(Entries taken from a collection)

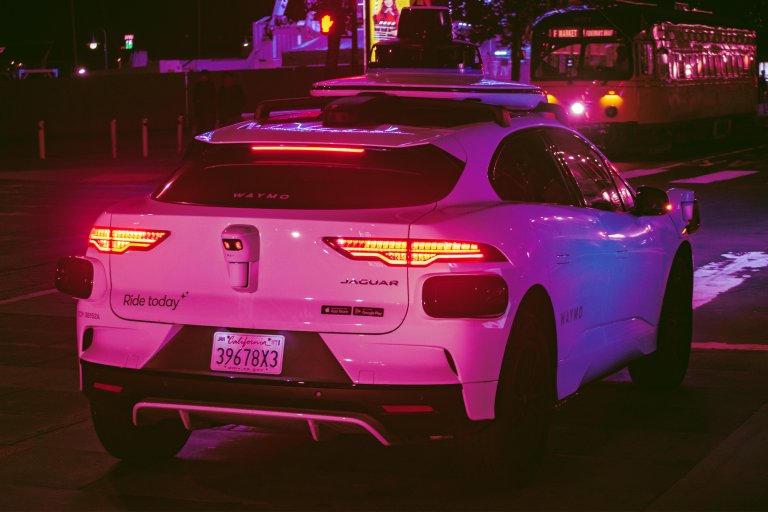 White Jaguar electric vehicle equipped with Waymo autonomous driving sensors on the roof and rear, parked on a city street at night with illuminated taillights and a California license plate. The car has "Ride today" and app store stickers on the back. A tram is visible in the background.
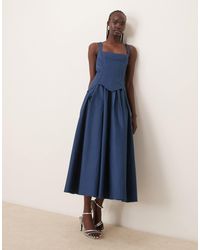ASOS - Robe mi-longue avec jupe évasée et corset structuré - jean foncé - Lyst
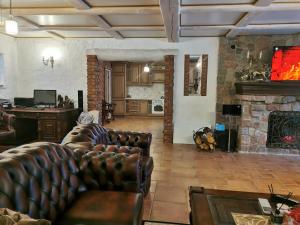 a living room with leather furniture and a stone fireplace at Ąžuolas 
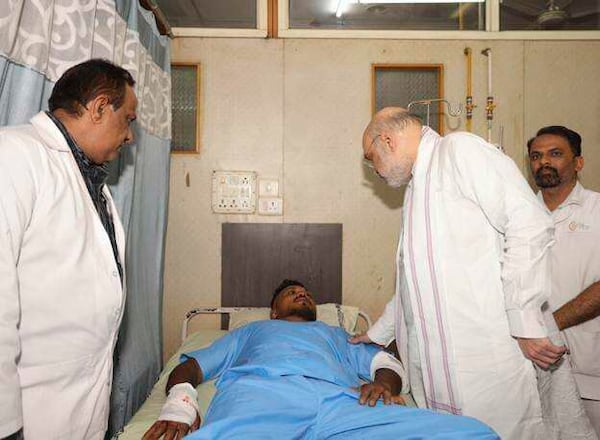 This handout photo issued by the Indian Ministry of Home Affairs shows Home Affairs Minister Amit Shah meeting British plane crash survivor Vishwash Kumar Ramesh, 40, at a hospital in Ahmedabad, after Air India confirmed Mr Ramesh was the sole survivor of the 242 people on board the London-bound Boeing 787 Dreamliner when it crashed into a medical college shortly after take-off from Ahmedabad airport. (Ministry of Home Affairs India via AP)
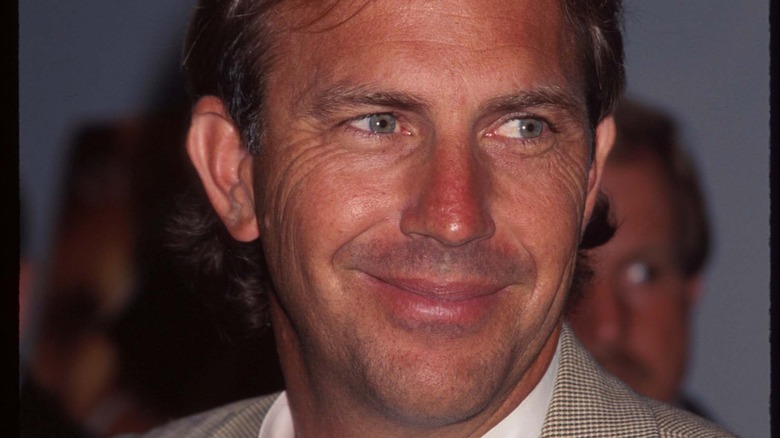 Kevin Costner sourit dans un costume beige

Directions :: Output the lines above in full and exactly as given, omitting any pictures.

Expected output ::
 White Jaguar electric vehicle equipped with Waymo autonomous driving sensors on the roof and rear, parked on a city street at night with illuminated taillights and a California license plate. The car has "Ride today" and app store stickers on the back. A tram is visible in the background.
ASOS - Robe mi-longue avec jupe évasée et corset structuré - jean foncé - Lyst
 a living room with leather furniture and a stone fireplace at Ąžuolas 
 This handout photo issued by the Indian Ministry of Home Affairs shows Home Affairs Minister Amit Shah meeting British plane crash survivor Vishwash Kumar Ramesh, 40, at a hospital in Ahmedabad, after Air India confirmed Mr Ramesh was the sole survivor of the 242 people on board the London-bound Boeing 787 Dreamliner when it crashed into a medical college shortly after take-off from Ahmedabad airport. (Ministry of Home Affairs India via AP)
 Kevin Costner sourit dans un costume beige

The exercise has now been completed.